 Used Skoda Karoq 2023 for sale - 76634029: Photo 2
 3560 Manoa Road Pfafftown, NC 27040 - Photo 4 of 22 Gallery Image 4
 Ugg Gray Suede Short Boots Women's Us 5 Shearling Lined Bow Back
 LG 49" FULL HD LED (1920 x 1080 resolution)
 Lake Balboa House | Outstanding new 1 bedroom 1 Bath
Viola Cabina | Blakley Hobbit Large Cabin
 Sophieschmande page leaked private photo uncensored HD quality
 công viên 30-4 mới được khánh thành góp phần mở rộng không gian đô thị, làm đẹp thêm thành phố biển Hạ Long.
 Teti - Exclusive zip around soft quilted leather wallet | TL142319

**Exercise brief:**
Transcribe the whole listing with nothing added or left out.

**Output:**
 Used Skoda Karoq 2023 for sale - 76634029: Photo 2
 3560 Manoa Road Pfafftown, NC 27040 - Photo 4 of 22 Gallery Image 4
 Ugg Gray Suede Short Boots Women's Us 5 Shearling Lined Bow Back
 LG 49" FULL HD LED (1920 x 1080 resolution)
 Lake Balboa House | Outstanding new 1 bedroom 1 Bath
Viola Cabina | Blakley Hobbit Large Cabin
 Sophieschmande page leaked private photo uncensored HD quality
 công viên 30-4 mới được khánh thành góp phần mở rộng không gian đô thị, làm đẹp thêm thành phố biển Hạ Long.
 Teti - Exclusive zip around soft quilted leather wallet | TL142319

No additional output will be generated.